Canaccord completed its initial public offering of shares on the Toronto Stock Exchange on June 30, raising about $70 million.

“Despite the distractions and effort involved in taking a company public, our employees generated a $29.1 million, or 57%, increase in revenue over the first quarter a year ago,” said Michael Greenwood, president and chief operating officer.

In its first conference call as a public company today, Canaccord disclosed that it is working on a number of acquisition possibilities, although actual deals appear to be far off.

Brown noted that the firm has lots of cash, which it needs to put to work, and he said the company is constantly in the market for acquisitions.

However, Brown noted that its deals in the past have usually come in down markets when sellers are more motivated. He said that Canaccord expects the ranks of 160 or so independent firms to shrink when the market hits its next downturn.

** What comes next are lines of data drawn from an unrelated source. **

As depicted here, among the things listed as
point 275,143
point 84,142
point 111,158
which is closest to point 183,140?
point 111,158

Brown reported that the firm is in early stage discussions with a few firms, but that the deals “may or may not happen”. In the meantime it is actively talking with firms, and doing other things that will make it easier to get deals done when the time is right, such as serving as the back office to a number of firms.

Short of acquiring firms, Brown noted that Canaccord is also actively recruiting from rivals on the Street, and that he’s very pleased with the quality of people it has been able to attract.

Canaccord president and COO, Mike Greenwood, noted that the firm has been upgrading the quality of its sales force over the past six months, replacing low-end producers with more productive reps who are able to help it grow assets under administration and expand its fee-based business. Canaccord has also been actively recruiting investment bankers to its U.K. division. Greenwood reported that it is in the midst of adding five new bankers, who are a team it has wooed from Credit Lyonnais.

Brown said that the U.K. market is one of its biggest capital market opportunities, both because deals are agency deals, rather than bought deals, and they rarely syndicated in that market (so it keeps 100% of underwriting commissions); and, the small and mid-cap market appears to be under-served by the traditional banking firms.

Greenwood said that its registered trader business was the firm’s one weak spot, with negative gross revenue in the quarter. He noted that it has scaled back its capital allocated to this business, and is reviewing its strategy and performance in this business.